Take me home: hotels are setting occupancy and rate records, but can they capture the cool factor?

AuthorWilliams, Allison
PositionNC TREND: Travel & tourism

Dogs in the hotel lobby are so last year; what's next is to take one home. Hotel guests once preferred predictability --same deep-red Marriott carpet, same standard lobby restaurant--but now they want homey. This summer vacation, there's no telling what a hotel might do to create a home-away-from-home feeling, only better. Look for slippers, hair dryers from blowout salon chain Drybar, yoga mats and scent diffusers. Downstairs, front desks have been traded in for "hosted arrival" and "curators" who recommend a great nearby restaurant--and their favorite dish.

Much has changed since Randy Hassen grew up traveling to hotels with his parents to running them as president of Tampa, Fla.-based McKibbon Hospitality. "The big word was consistency," he says. "The guest did not want any surprises." Many travelers now want to feel like locals, a trend driven by the rise of home-sharing websites such as Airbnb and VRBO. Goodbye pool and buffet. Hello local craft beer and single-origin coffee pourovers.

McKibbon is developing four new properties from Asheville to Charlotte, part of a statewide hotel boom with more than 17,430 rooms either in construction or planning stages.
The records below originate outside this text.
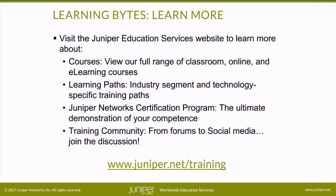Learning paths—industry segment and technology specific training paths. Juniper Network's certification program—the ultimate demonstration of your competence.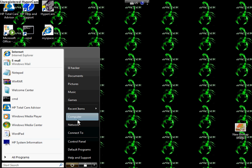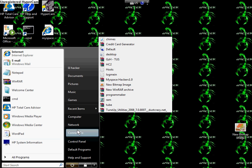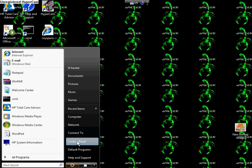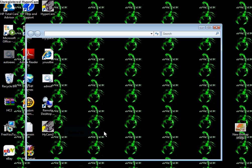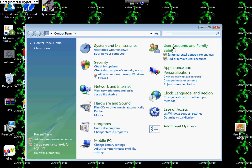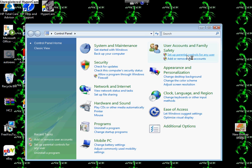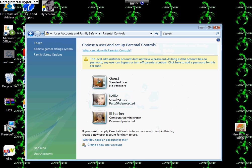First thing you would want to do is go to Control Panel and then you would want to go to set up parental controls for any user and click continue when that little box comes up.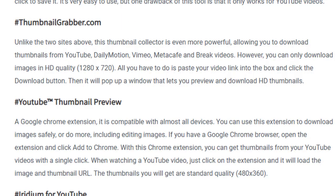Number three is the YouTube Thumbnail Preview, a Google Chrome extension compatible with almost all devices. You can use this extension to download images safely, and it also supports editing images. If you have Google Chrome, open the extensions page and click 'Add to Chrome.' When watching a YouTube video, just click on the extension and it will load the images and thumbnail URL. The thumbnails you get are standard quality at 480 by 360.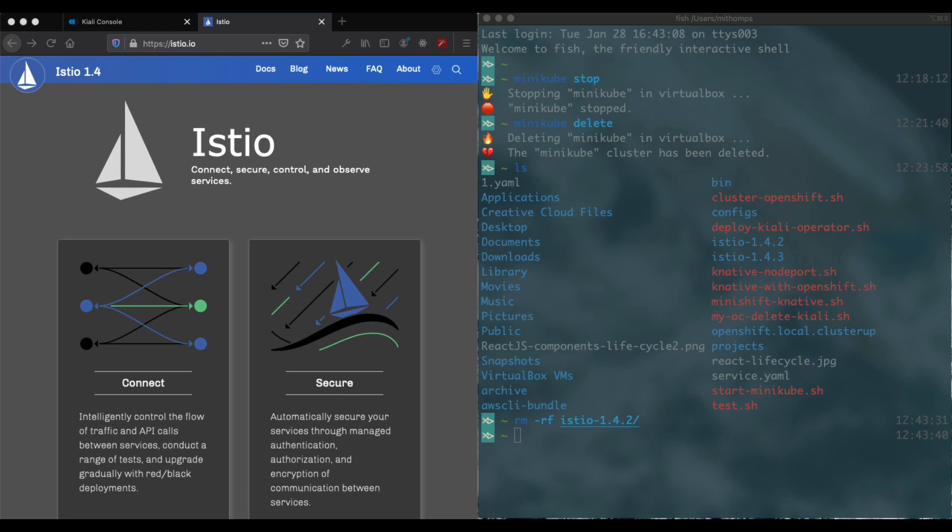Hi, this is going to be a quick video on installing Istio on Minikube and getting Kiali up and running.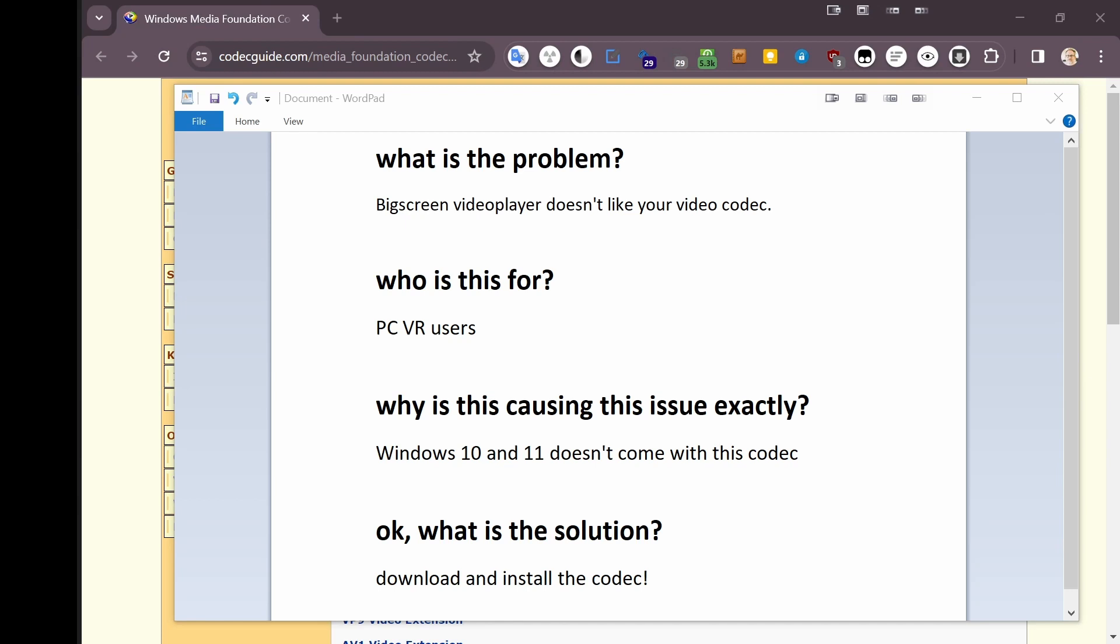Who is this for? It's for PCVR users. Why is this causing this issue? Windows 10 and 11 doesn't come with it.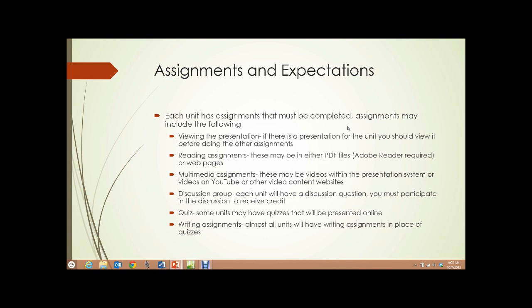Reading assignments. These may be either in PDF files or webpages. For the PDF files, the Adobe Acrobat Reader is required. It's available free from Adobe for all the platforms that you might be using — Windows, Mac, Android tablets, that sort of thing.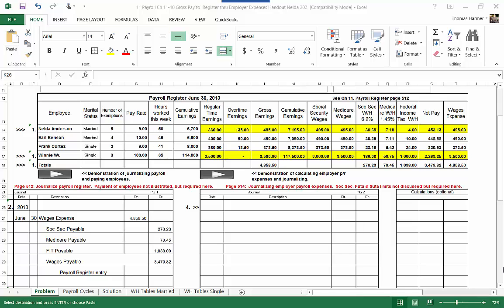Okay, we've completed the payroll register. We've journalized the payroll register and we've paid the employees. Now we want to calculate and journalize the employer's payroll expenses.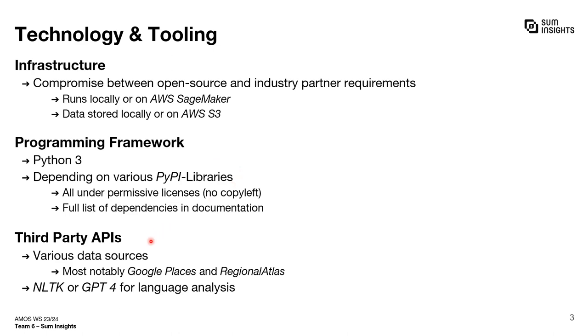Besides, we also rely on numerous third-party APIs, most notably Google Places API and regional Atlas. There is also a possibility to run a review sentiment analysis using either NLTK or GPT-4.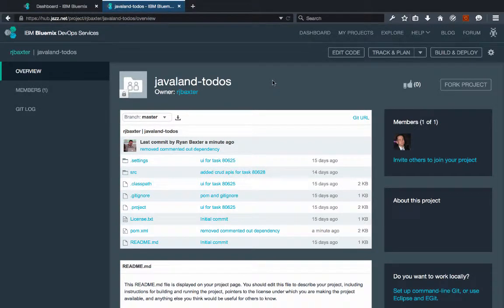Hello, everyone. My name is Ryan Baxter, and I'm a developer advocate for Bluemix at IBM. I've gotten a couple questions about how to do builds using IBM's DevOps services if your Java project is using Maven. So I thought I would demonstrate how easy that actually is.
That's the equivalent of 11.5% of total supply. Charlotte alone will see 3,700 rooms come online this year, according to Marcus & Millichap, a national commercial real-estate brokerage. But Asheville is ground zero in the war to woo overnight guests. The mountain city's Airbnb hosts reported 404,000 stays and took in $13.1 million last year, or a quarter of the state's $51 million total, according to the San Francisco-based company. While that's a fraction of North Carolina's $3.5 billion hotel industry, Airbnb's soaring growth--revenue more than doubled last year and profits are projected to reach $3.5 billion by 2020--has hotel proprietors rethinking hospitality.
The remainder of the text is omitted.